-------- Data block --------
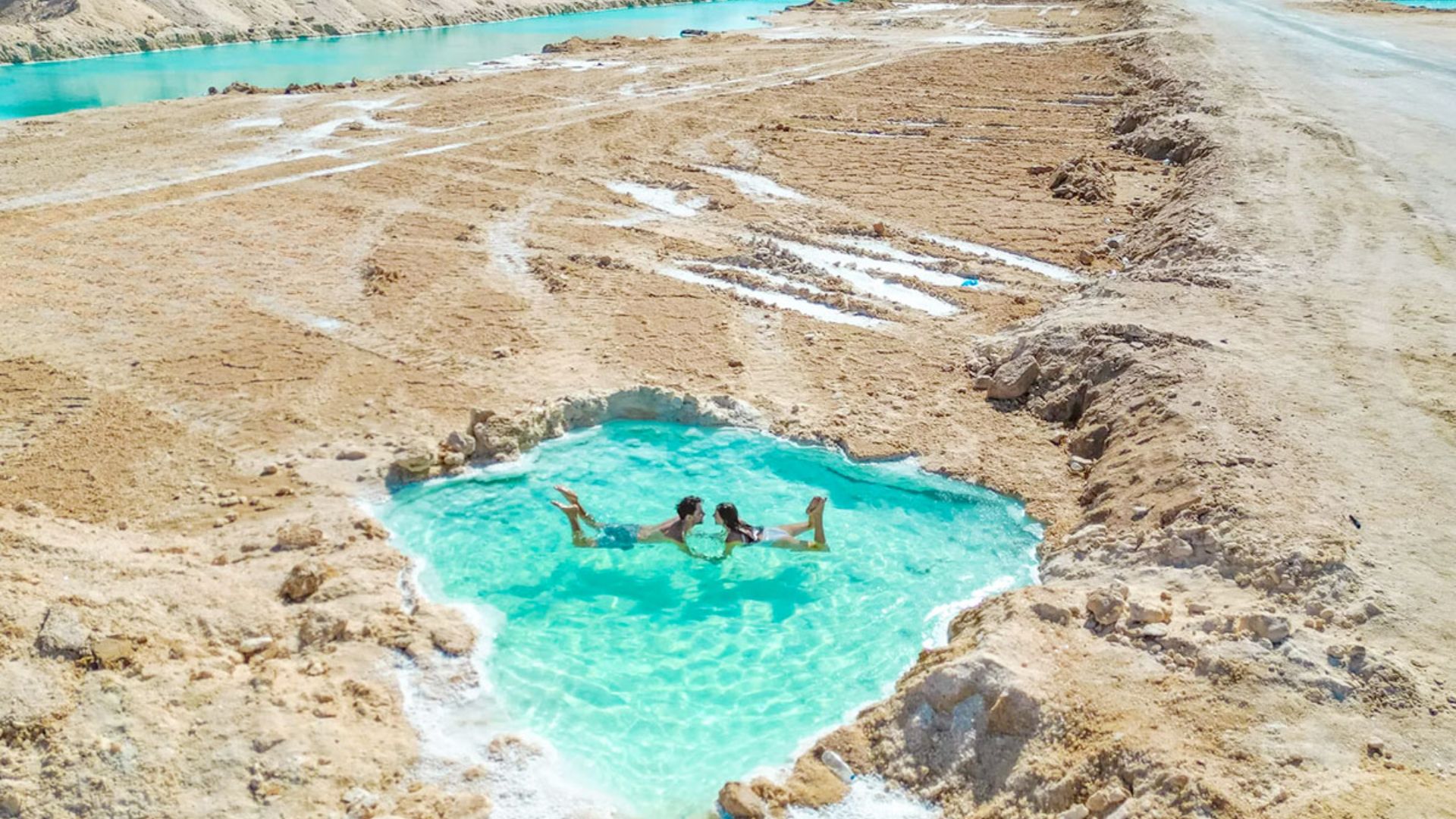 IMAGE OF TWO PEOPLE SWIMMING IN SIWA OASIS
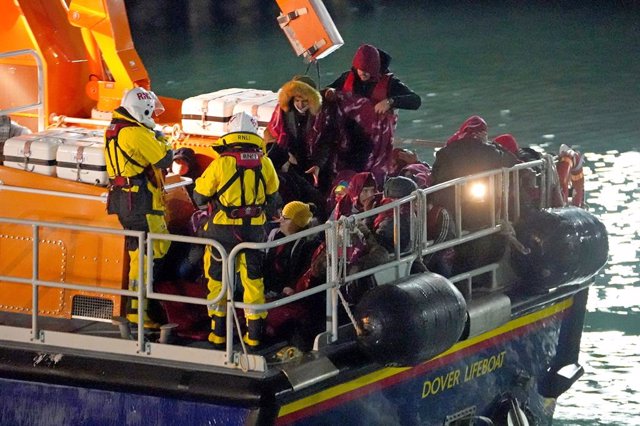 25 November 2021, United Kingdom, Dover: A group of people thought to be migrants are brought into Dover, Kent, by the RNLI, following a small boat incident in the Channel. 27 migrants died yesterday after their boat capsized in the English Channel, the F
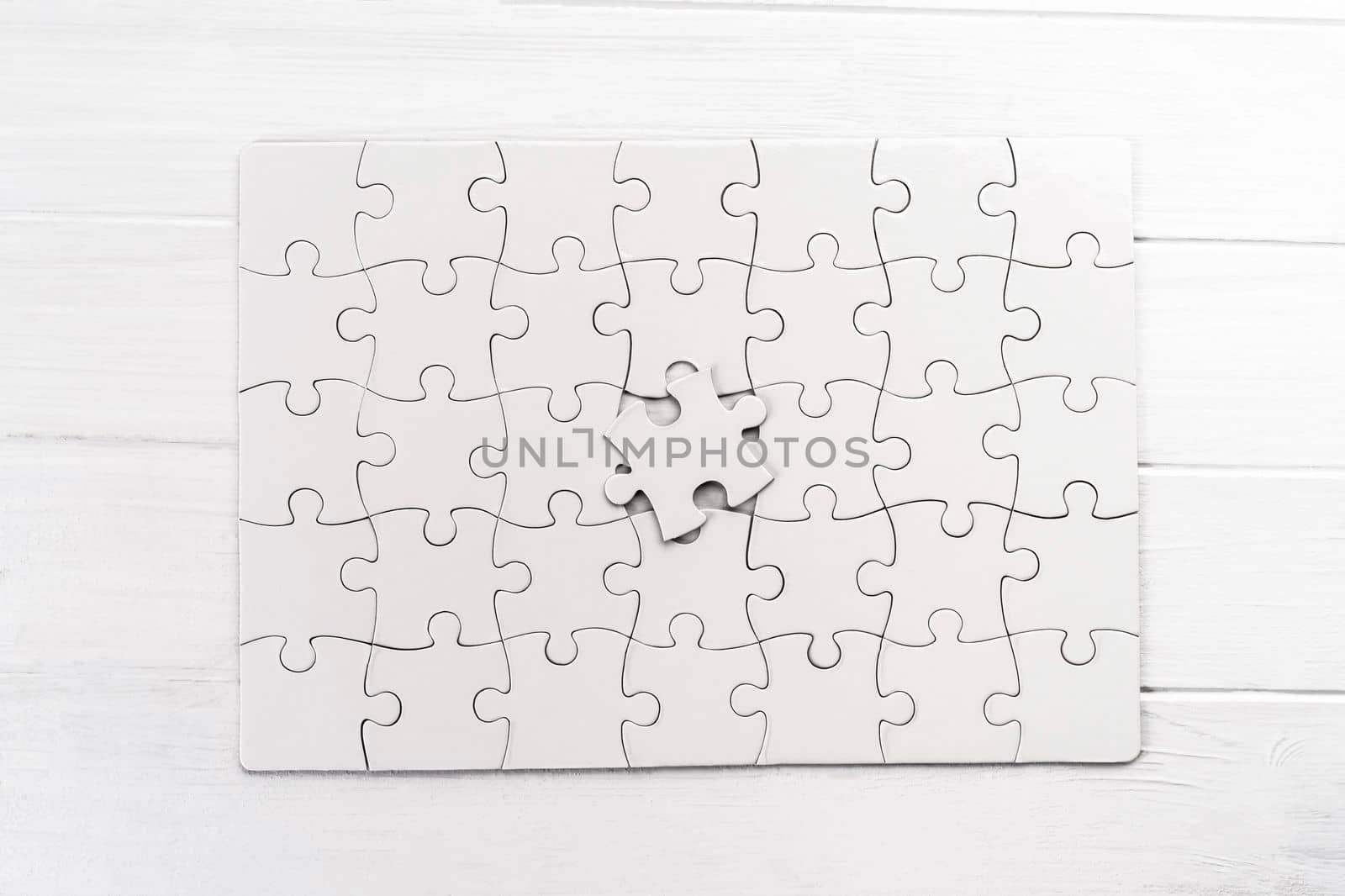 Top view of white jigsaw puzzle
--------
• [Aim of the task]:
Please make an exact copy of the whole listing and leave out its pictures.

• [Completed task]:
 IMAGE OF TWO PEOPLE SWIMMING IN SIWA OASIS
 25 November 2021, United Kingdom, Dover: A group of people thought to be migrants are brought into Dover, Kent, by the RNLI, following a small boat incident in the Channel. 27 migrants died yesterday after their boat capsized in the English Channel, the F
 Top view of white jigsaw puzzle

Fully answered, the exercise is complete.